U.S. oil and gas companies pay billions of dollars to the Angolan government every year in exchange for my country’s oil. But for now, we do not know exactly how much U.S. oil and gas companies are paying my government because they have blocked a key regulation requiring them to tell us. 

Five years ago, President Obama signed the Dodd-Frank Wall Street Reform bill into law. The law included a provision, Section 1504, requiring U.S. oil, gas, and mining companies to disclose the amounts they paid for contracts to extract energy and minerals in developing countries.

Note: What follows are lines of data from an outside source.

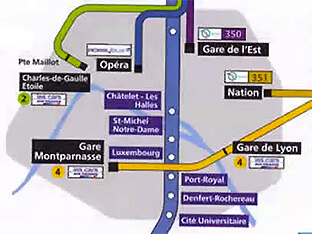CDG Airport bus & train map to central Paris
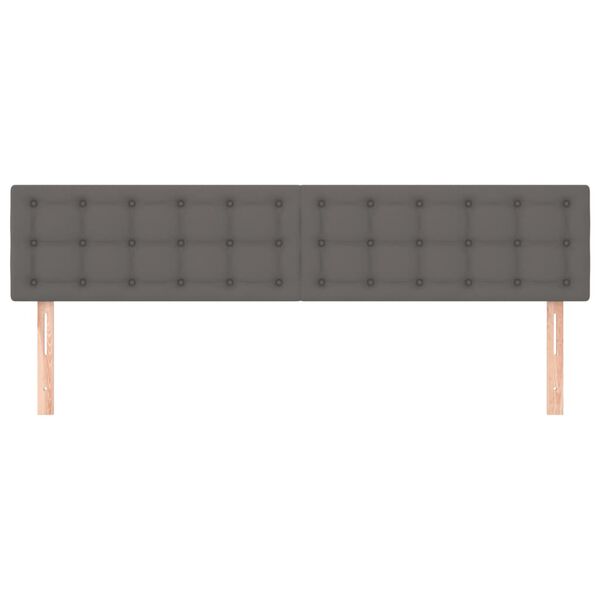 vidaXL Cabeceiras cinzento 200x5x78/88 cm couro artificial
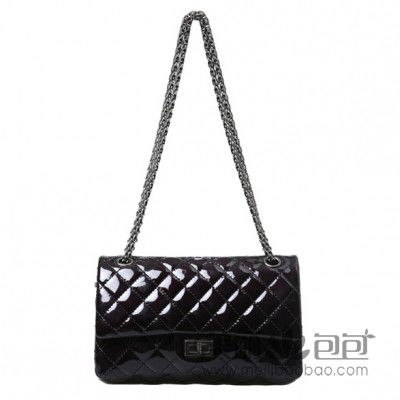 chanel2.55复刻黑色漆皮 中号香奈儿手袋30226BLY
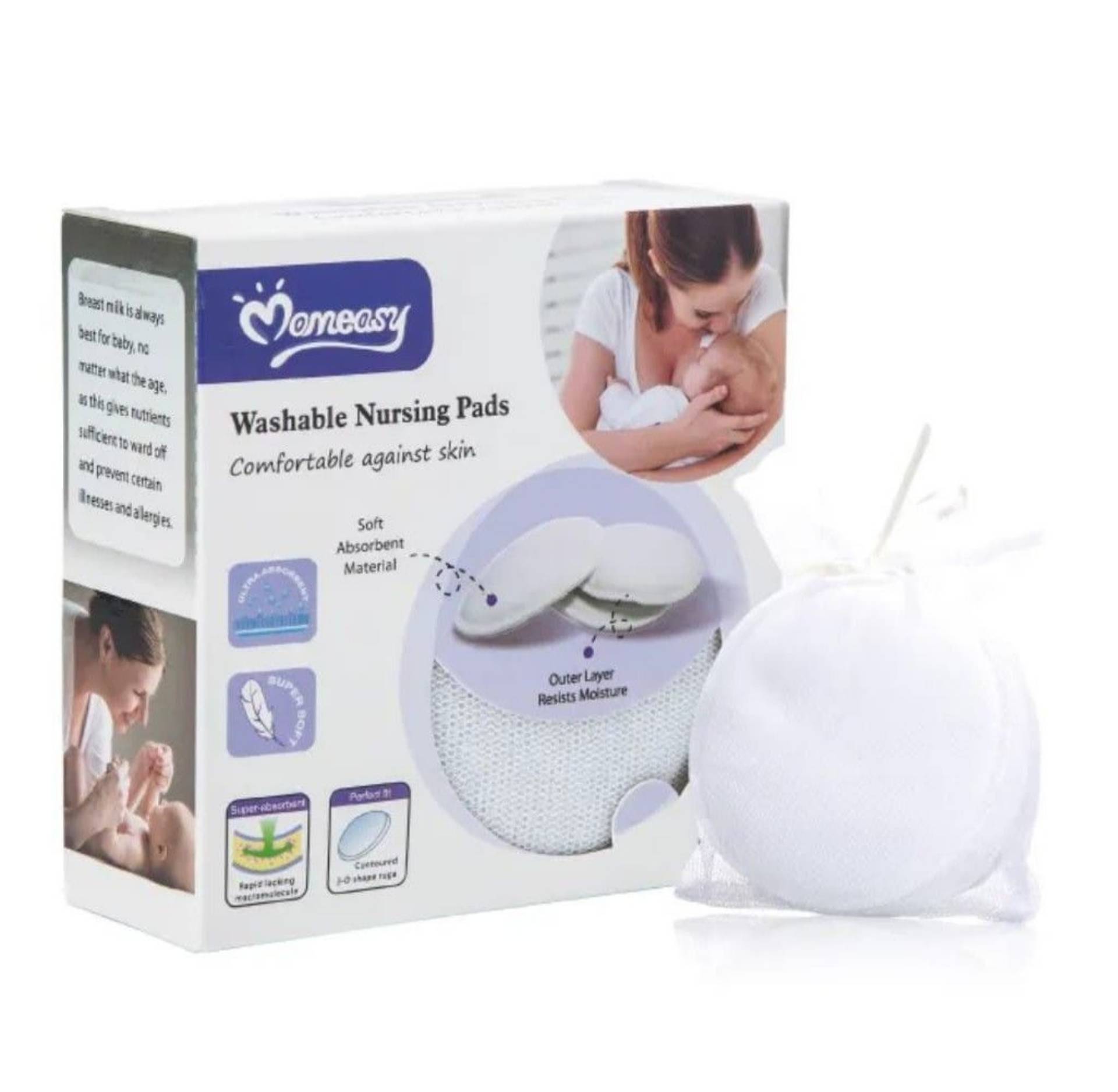 Momeasy washable nursing pads (6pcs)_0
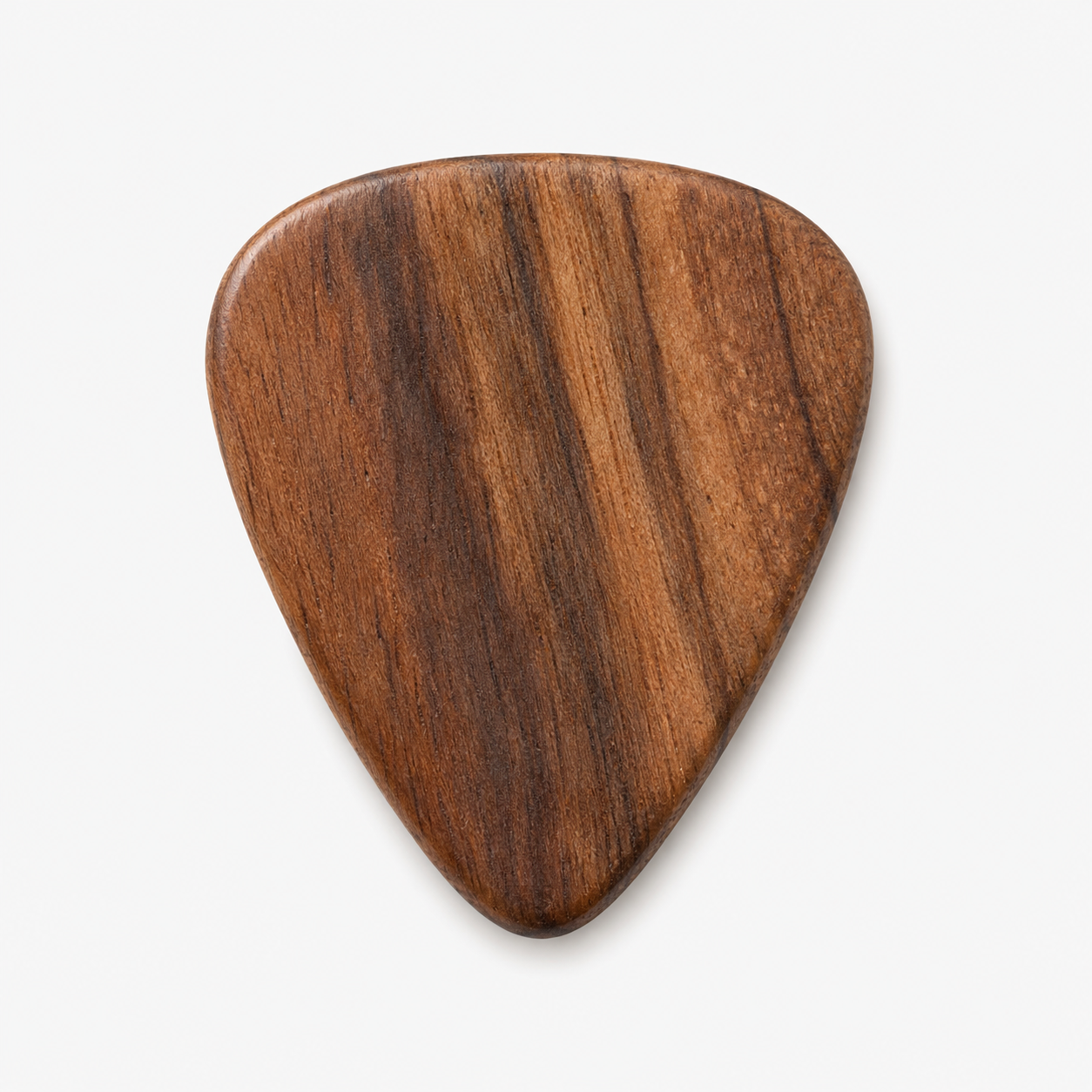 Wooden guitar pick with visible grain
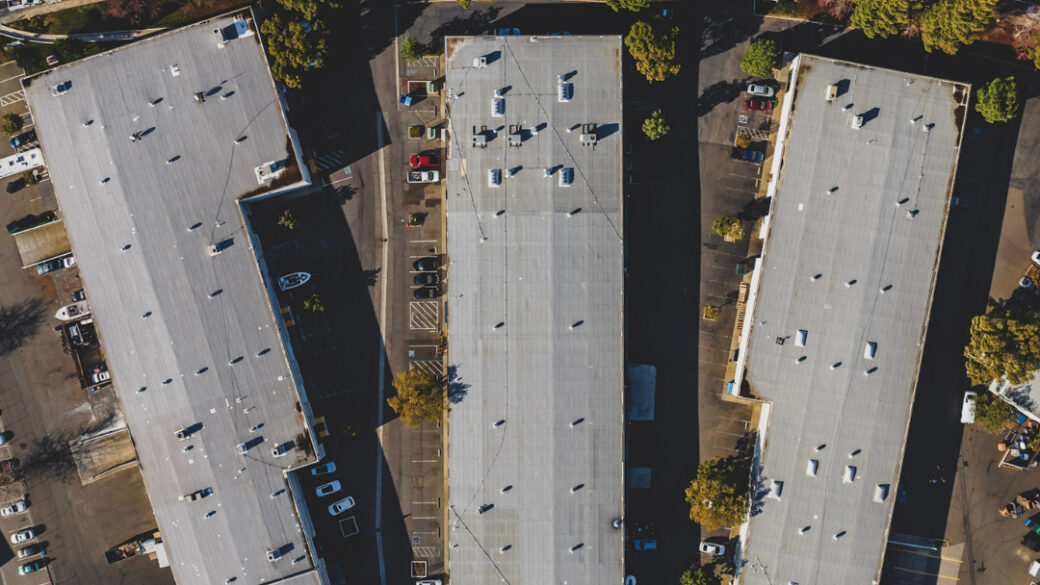 Aerial view of Sacramento Industrial Park from directly above.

The law was intended to reveal how much money U.S. oil companies were paying to the Angolan government. In turn, we could then hold our government accountable for how it spent the billions it receives from U.S. oil and mining companies. The law is designed to stop elites in Angola—and countries like it—from looting public treasuries.

The problem is that the American Petroleum Institute has fought Section 1504 and stopped its implementation.

While the regulatory and legal debates continue in Washington, corruption and poor governance go on. In 2012, for example, the IMF found that $4.2 billion linked to Angola’s state-owned oil company was missing from the public accountsa sum that far surpasses Angola’s annual public health budget. So while government elites luxuriate in oil wealth, many of Angola’s children are starving to death.

The Securities and Exchange Commission (SEC) is charged with implementing Section 1504, but its first attempt to do so in 2012 was stopped by a legal challenge filed by the American Petroleum Institute. The SEC is now reissuing an implementing rule.

Stalling Section 1504 has proved to be disastrous for the Angolan economy. Sonangol, Angola’s oil and gas company, has been said by its CEO to be on the brink of technical bankruptcy. Despite receiving significant revenues in the last 10 years, Angola is borrowing huge sums of money from China, the United States, Brazil, Italy, and Spain. It is estimated that Angola’s foreign debt sits at 43 percent of its GDP, which is a serious risk to an already fragile economy.

The U.S. oil lobby has continued its campaign to eviscerate Section 1504. The companies want the SEC to implement a weak and watered-down rule because they fear that U.S. firms will lose business to competitors that are not covered by similar transparency requirements and disclosure laws.

Even though they have had five years to show that Section 1504 harms their business interests, the oil companies have not provided any credible evidence to support their argument. Companies win the right to drill for oil based on specific factors, such as price, technological capability, and access to capital. A company’s transparency record is irrelevant to its business operations.

Moreover, the European Union, Canada, and Norway have introduced similar laws since 2010. Today, more than two-thirds of the world’s top 200 publicly listed oil and mining companies are now covered by revenue transparency rules. These include U.S. firms’ biggest Chinese and Russian competitors such as Gazprom and PetroChina.

Some oil companies support strong revenue disclosure laws because they recognize that they foster efficient markets, reduce corruption risks, and enhance companies’ reputation. For example, the Norwegian oil company Statoil has said that disclosing revenues has given it a competitive advantage.

Besides Statoil, the U.S. oil firm Kosmos has endorsed the EU’s law requiring companies to report revenues for each extraction project they own. And the UK-based Tullow Oil also has chosen to comply with the EU’s disclosure law well ahead of the legal deadline to do so. Finally, major international investors support Section 1504 and other disclosure laws because they understand that more transparency and better governance is good for business. That’s why a group of investors, including UBS Asset Management, Railpen Investments, and Allianz Global Investors, worth more than $6.4 trillion, have written to the SEC in support of a strong U.S. rule.

When Section 1504 was signed into law, the United States became a leader in the revenue transparency movement. But five years later, America has been eclipsed by other governments that have adopted stronger disclosure requirements. By implementing a rule in line with the EU’s and Canada’s, the United States can level the playing field for business and lead the fight against corruption.